**AIM OF THE EXERCISE**
This exercise asks for the entries to be repeated exactly, without their images.

**DATASET EXCERPTS**
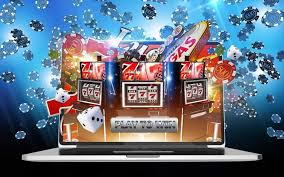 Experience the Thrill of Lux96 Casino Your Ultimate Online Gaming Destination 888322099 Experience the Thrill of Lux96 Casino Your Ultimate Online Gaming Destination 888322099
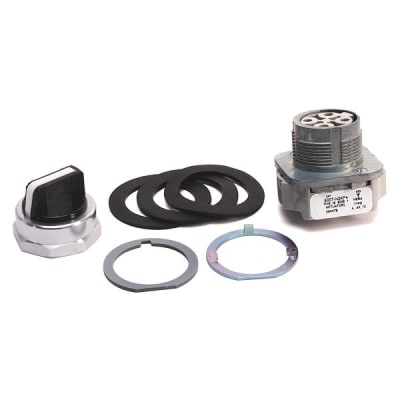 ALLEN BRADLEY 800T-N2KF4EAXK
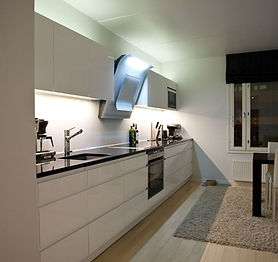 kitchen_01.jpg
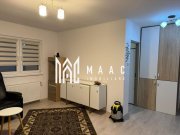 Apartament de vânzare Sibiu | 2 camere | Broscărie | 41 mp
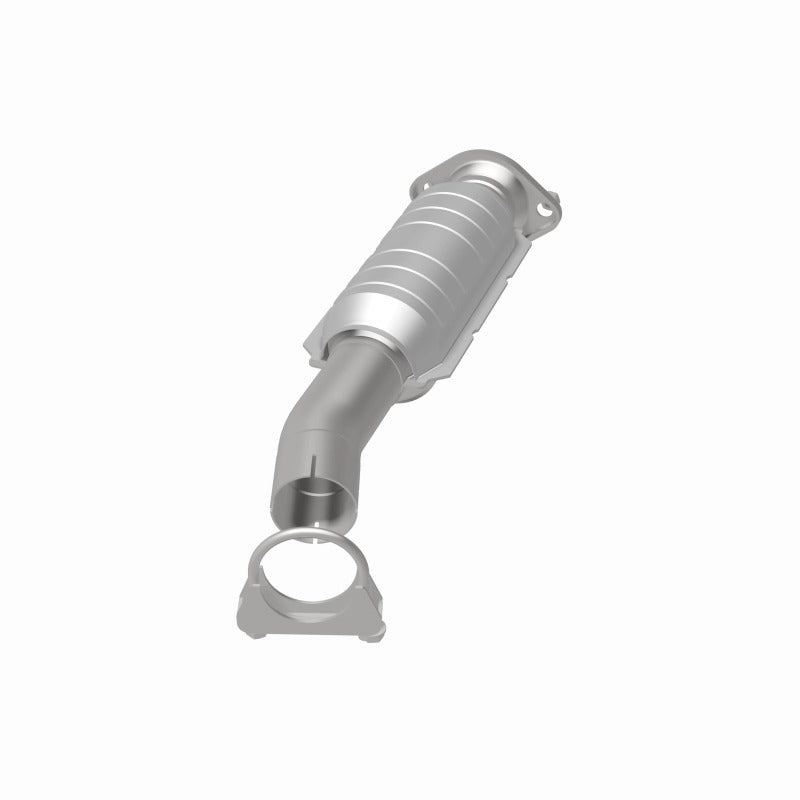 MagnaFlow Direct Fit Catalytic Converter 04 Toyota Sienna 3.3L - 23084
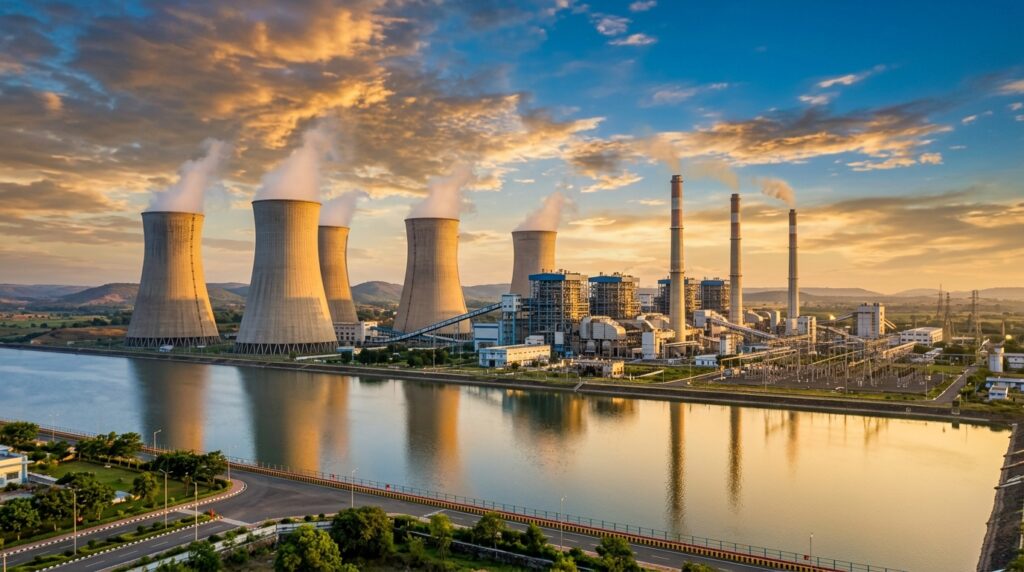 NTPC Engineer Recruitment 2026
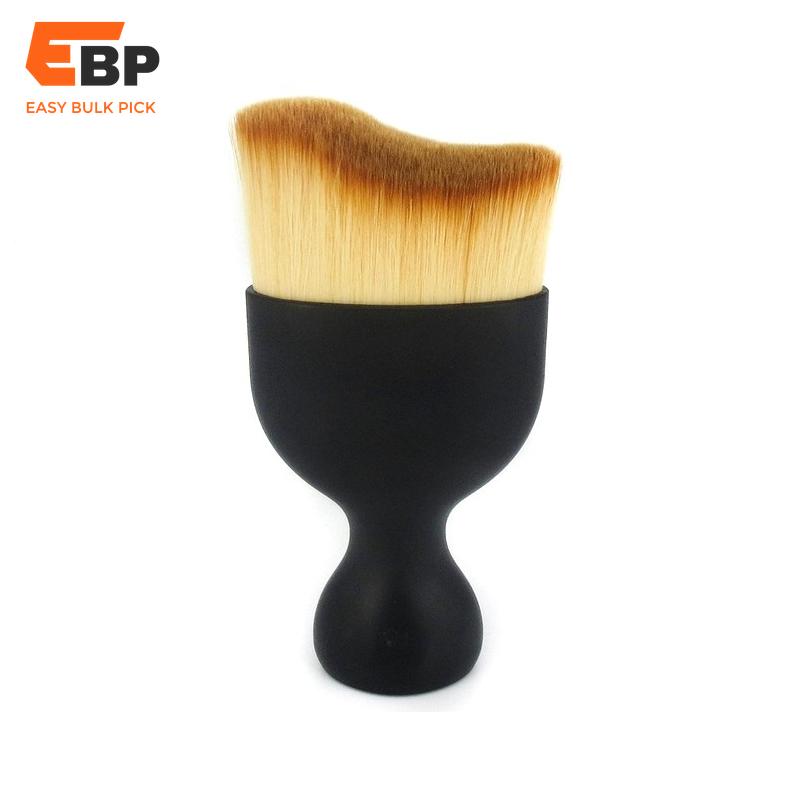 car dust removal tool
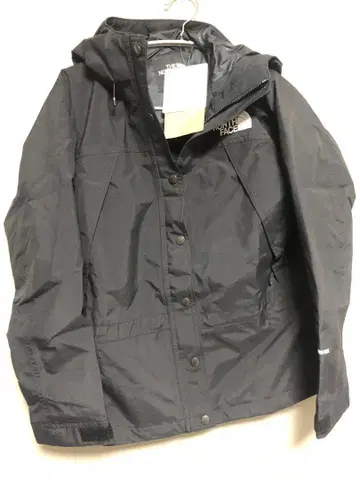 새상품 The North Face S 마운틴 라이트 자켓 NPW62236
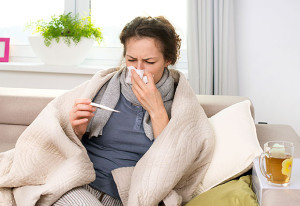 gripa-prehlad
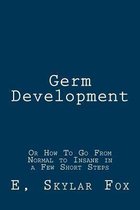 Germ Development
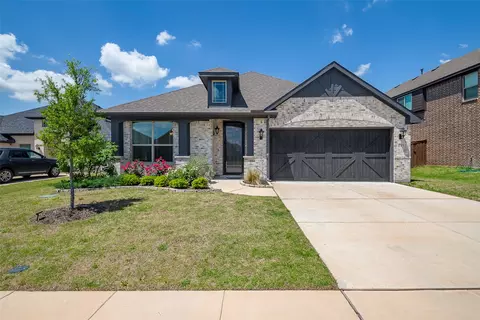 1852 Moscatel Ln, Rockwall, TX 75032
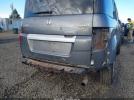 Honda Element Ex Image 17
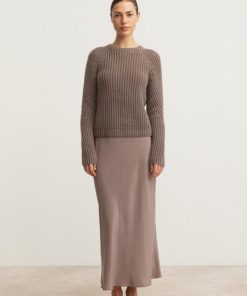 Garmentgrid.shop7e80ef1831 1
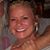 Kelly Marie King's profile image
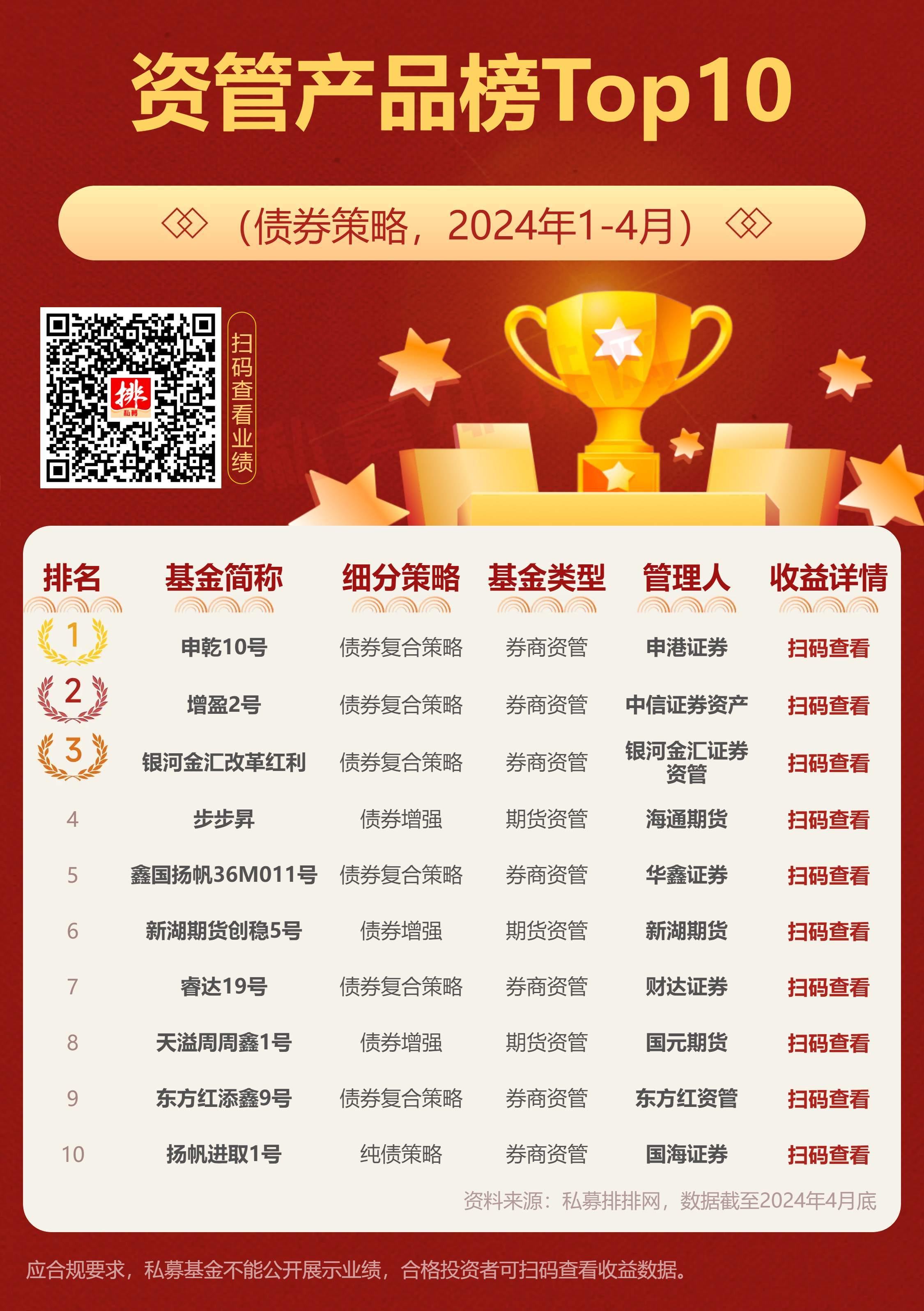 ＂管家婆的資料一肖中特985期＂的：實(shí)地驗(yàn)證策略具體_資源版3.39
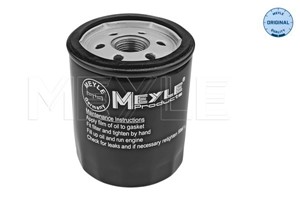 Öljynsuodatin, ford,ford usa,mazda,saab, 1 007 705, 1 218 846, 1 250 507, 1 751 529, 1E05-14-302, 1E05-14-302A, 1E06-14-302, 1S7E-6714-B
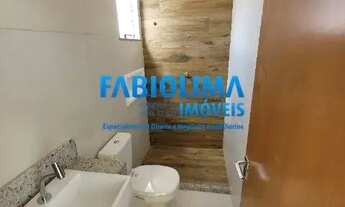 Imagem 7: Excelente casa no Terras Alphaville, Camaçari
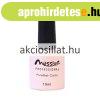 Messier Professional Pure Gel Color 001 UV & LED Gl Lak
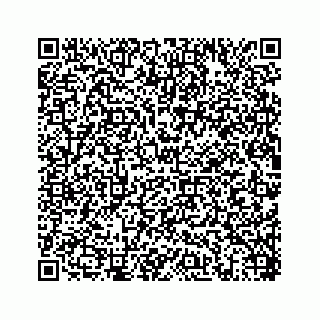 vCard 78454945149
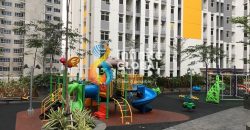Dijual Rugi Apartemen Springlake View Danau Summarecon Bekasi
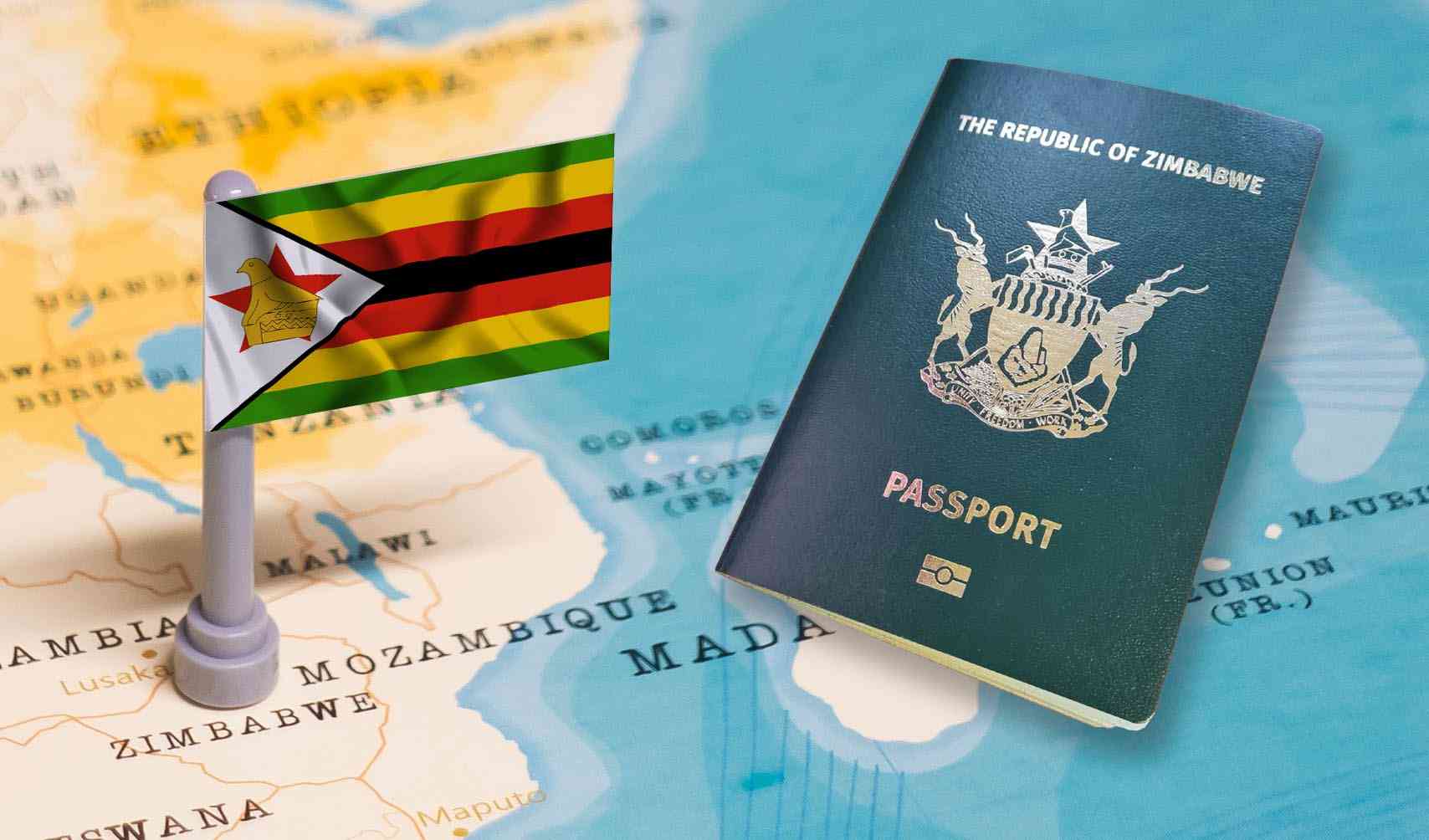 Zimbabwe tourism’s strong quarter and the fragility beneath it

**TASK ANSWER**
 Experience the Thrill of Lux96 Casino Your Ultimate Online Gaming Destination 888322099 Experience the Thrill of Lux96 Casino Your Ultimate Online Gaming Destination 888322099
 ALLEN BRADLEY 800T-N2KF4EAXK
 kitchen_01.jpg
 Apartament de vânzare Sibiu | 2 camere | Broscărie | 41 mp
 MagnaFlow Direct Fit Catalytic Converter 04 Toyota Sienna 3.3L - 23084
 NTPC Engineer Recruitment 2026
 car dust removal tool
 새상품 The North Face S 마운틴 라이트 자켓 NPW62236
 gripa-prehlad
 Germ Development
 1852 Moscatel Ln, Rockwall, TX 75032
 Honda Element Ex Image 17
 Garmentgrid.shop7e80ef1831 1
 Kelly Marie King's profile image
 ＂管家婆的資料一肖中特985期＂的：實(shí)地驗(yàn)證策略具體_資源版3.39
 Öljynsuodatin, ford,ford usa,mazda,saab, 1 007 705, 1 218 846, 1 250 507, 1 751 529, 1E05-14-302, 1E05-14-302A, 1E06-14-302, 1S7E-6714-B
 Imagem 7: Excelente casa no Terras Alphaville, Camaçari
 Messier Professional Pure Gel Color 001 UV & LED Gl Lak
 vCard 78454945149
Dijual Rugi Apartemen Springlake View Danau Summarecon Bekasi
 Zimbabwe tourism’s strong quarter and the fragility beneath it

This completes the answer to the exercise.